Heart Disease Causes
What causes heart disease? Why does plaque build-up in your arteries? The answer to this question can be found by looking at your lifestyle and focusing on what you eat and drink as well as the amount of exercise you get each week. We will give you a few facts about these things first.
- Smoking is the leading cause of heart disease, and secondhand smoke kills as many as 7,000 people every year in the United States alone. It also causes 85,000 premature deaths each year in women and 44,000 premature deaths in men. We don’t mean to scare you away from smoking, but we do want to make sure you know all the facts about it before you light up!
- Obesity is also a major cause of death from heart disease. In other words, a high BMI increases your risk.
- High cholesterol is also a big factor in the development of heart disease. In fact, 35% to 40% of all heart disease cases have been linked to high cholesterol levels. The risk of heart disease is due to LDL levels that are mostly caused by obesity and lifestyle factors such as smoking and lack of exercise.
- What you eat contributes greatly to whether or not you will develop heart disease down the road. And what you drink matters too! A diet rich in saturated fats and trans fats can lead to hardening or narrowing of the arteries, which could cause a heart attack or stroke down the road.
- You can dramatically decrease your risk of developing heart disease with simple lifestyle changes. These changes include eating a healthy diet, eliminating tobacco, staying at a healthy weight, getting plenty of exercises, and managing stress.
- The good news is that you can do something to prevent heart disease right now! And the best part is that these lifestyle changes are easy to make and will increase your quality of life in many ways! Most importantly, you’ll extend your life in the process.
- If you’ve already had a heart attack or stroke, changing your diet and lifestyle may save your life. You can also lower your cholesterol levels.
- If you know someone who has heart disease, tell them to eat healthily, exercise frequently, and take their medications as directed.
Stress is another major cause of heart disease that many people do not realize is at fault. Stress can cause blood vessels to contract or dilate (get smaller or larger). When they dilate too much, it can lead to an increased risk of heart attack and stroke.
Life changes, such as a new relationship, divorce, or the death of a loved one.
Work-related problems, such as high levels of stress from deadlines or constant job changes.
Financial issues, such as losing a job or your home to foreclosure.
The negative way you think about yourself and your life. For example, “I have no one to turn to,” or “my life is going nowhere.”

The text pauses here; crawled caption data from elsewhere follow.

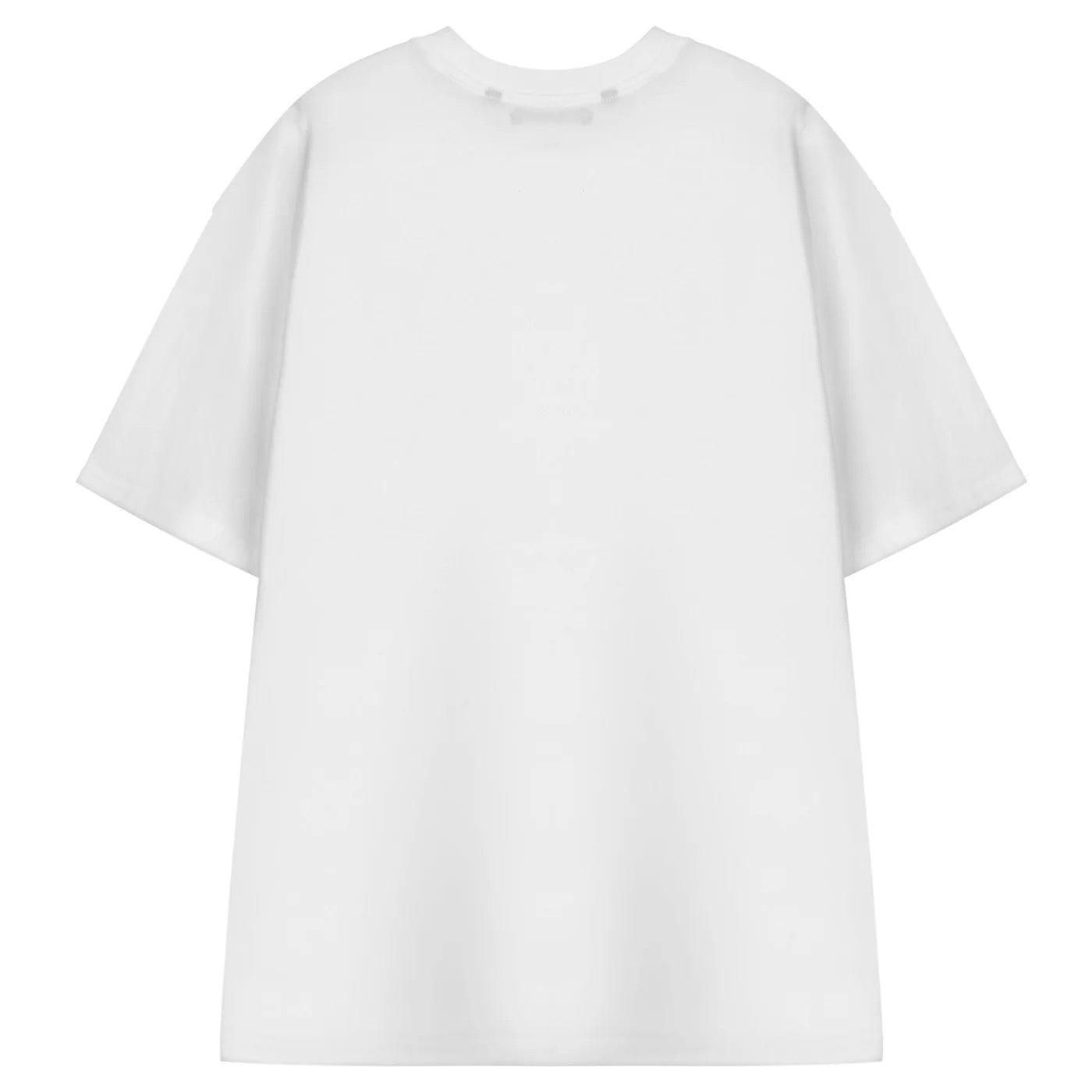 White - Back - It Unisex Adult Character Short-Sleeved T-Shirt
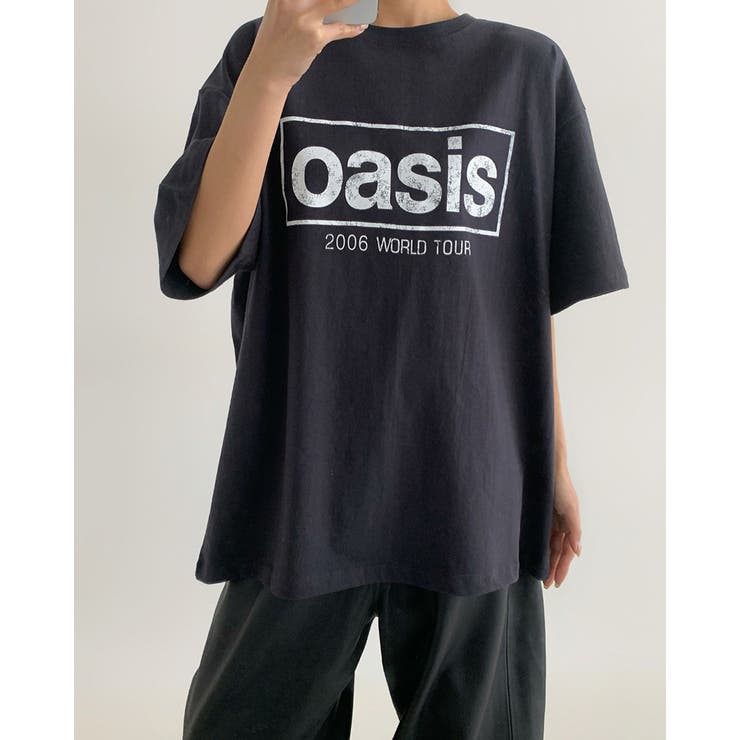 25ss レタリングTシャツ オーバーサイズ | RAKUku | 詳細画像6 
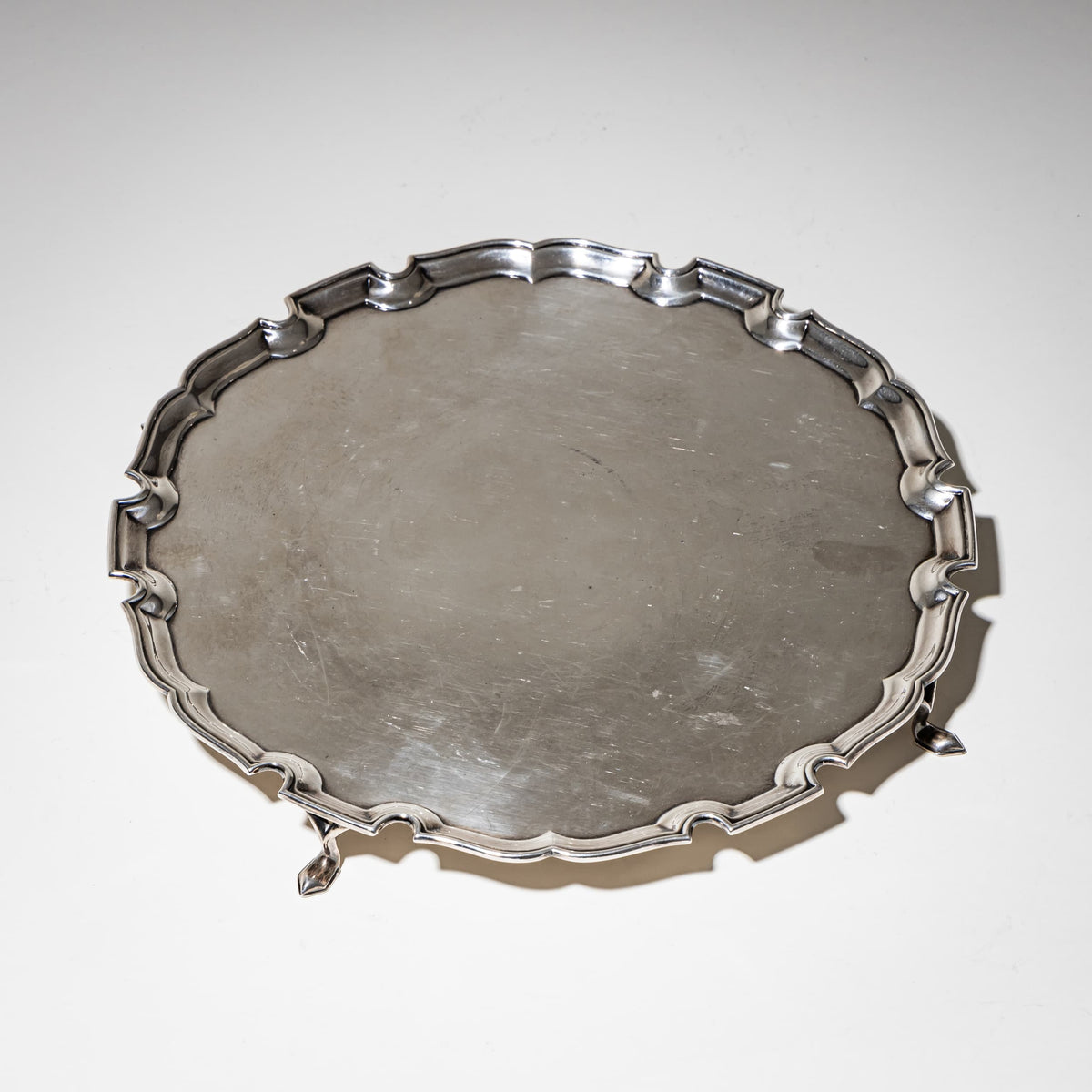 Silver Salver, Edward Barnard & Sons, London 1923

Lack of physical exercise. Stressful situations cause the body to react with adrenaline and cortisol, which can lead to a stress condition. Someone who is chronically stressed may feel an increased heart rate and their blood pressure can rise.
Stress is a major cause of heart disease. To lower your stress levels, try some deep breathing exercises, meditation, yoga, or prayer. Get plenty of exercises and eat a healthy diet to help you cope better with stress and improve your cardiovascular health as well as your life.
Some people think they should never feel stressed. But the truth is that stress is a normal part of life that everyone experiences. It’s only when the stress gets out of control that it becomes a problem. That’s why it is important to learn how to manage your stress levels naturally, so you can live your life without worrying about heart disease!
Heart disease doesn’t have to be a death sentence for you or anyone else in your family. You can take control of this deadly disease with diet and lifestyle changes, especially exercise and weight management! The good news is there are many ways you can reduce your risk of developing heart disease, keeping you healthy for many years to come.